Apple Inc. and Alphabet Inc.’s Google on Tuesday announced what they hope will be a big step in helping regional public health officials contain COVID-19.

A new iPhone software update, called Exposure Notifications Express, will make it easier to opt into Apple’s COVID-19 contact-tracing technology, so that all iPhone owners can turn on exposure notifications without downloading a third-party app. The update was announced in a briefing with reporters Tuesday morning.

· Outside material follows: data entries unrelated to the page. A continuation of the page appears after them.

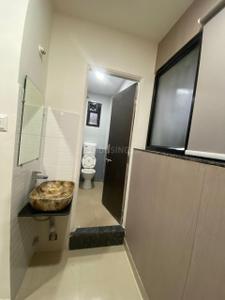 Kitchen Image of 950 Sq.ft 1 BHK Apartment / Flat for rent in Praful Ved Heights, Dharampeth Nagpur for Rs. 16000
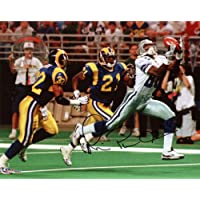 Michael Irvin Dallas Cowboys Autographed 8" x 10" vs St. Louis Rams Photograph - Autographed NFL Photos
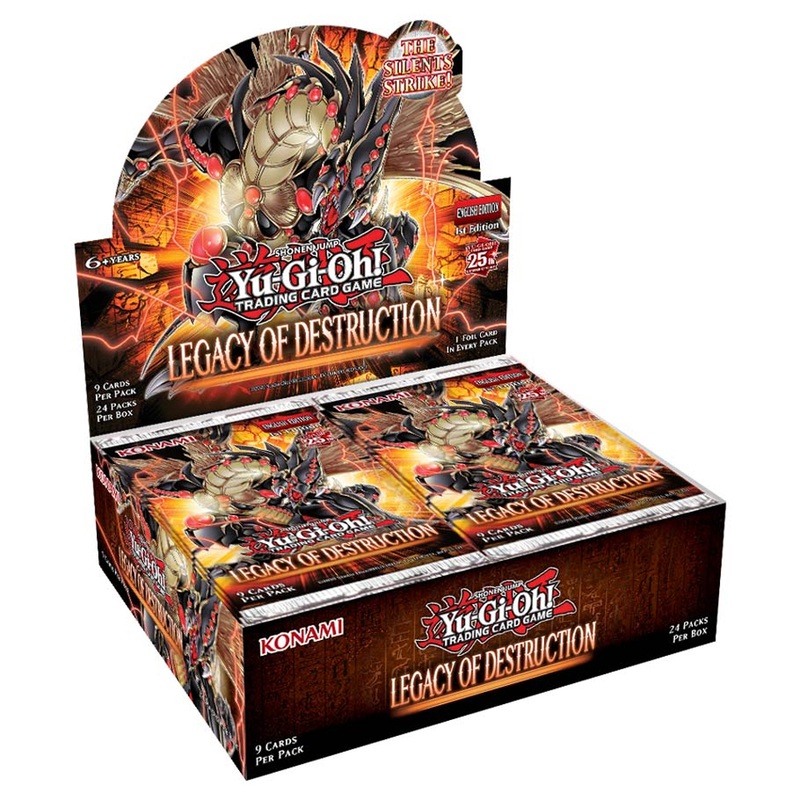 Yu-Gi-Oh TCG: Legacy of Destruction – Booster Box (24) (Clearance)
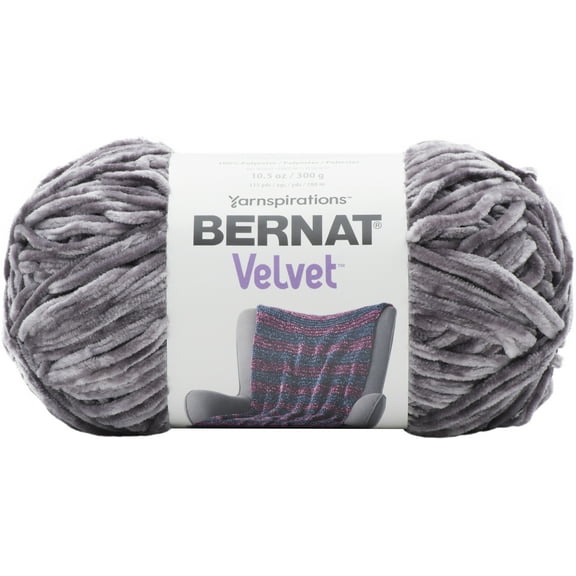 Bernat Velvet Yarn -Vapor Gray, Multipack Of 2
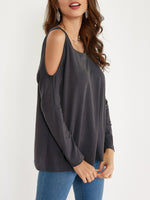 OEM Ladies Grey T-Shirts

“Exposure Notifications Express provides another option for public health authorities to supplement their existing contact tracing operations with technology without compromising on the project’s core tenets of user privacy and security,” Apple AAPL, +2.65% and Google GOOGL, +0.68% GOOG, +0.79% said in a statement.

The technology will be immediately available for iPhone users; Android owners will have access later this month.

Apple’s contact-tracing technology, developed with Google, relies on Bluetooth smartphones technology to notify people when they come into close contact with a person who’s tested positive for COVID-19. Until now, however, iPhone users could only turn on the exposure notifications if they also had a contact tracing app developed by a public health authority. Apple and Google have said they won’t retain any health data.

The iOS 13.7 update could help COVID-19 contact tracing technology get more people to opt in. So far, only six states — Alabama, Arizona, Nevada, North Dakota, Virginia, and Wyoming — have adopted the Apple-Google system, initially announced in May. In all, 25 states and the District of Columbia representing 55% of the U.S. population are considering its use, according to Apple.

Some public health authorities have held off from joining because they did not have a team in place to ramp up the technology, an Apple representative said in response to a question during the 30-minute Webex briefing.

Contact tracing is considered a key deterrent in the spread of COVID-19, which so far has claimed more than 180,000 lives and accounted for 6 million cases in the U.S.

“Innovative technologies like EN Express will help enhance the capacity of the public to know their exposure to COVID-19 and aid public health practitioners to be more effective in their efforts to contain this and other infectious diseases,” Georges C. Benjamin, executive director of the American Public Health Association, said in a statement.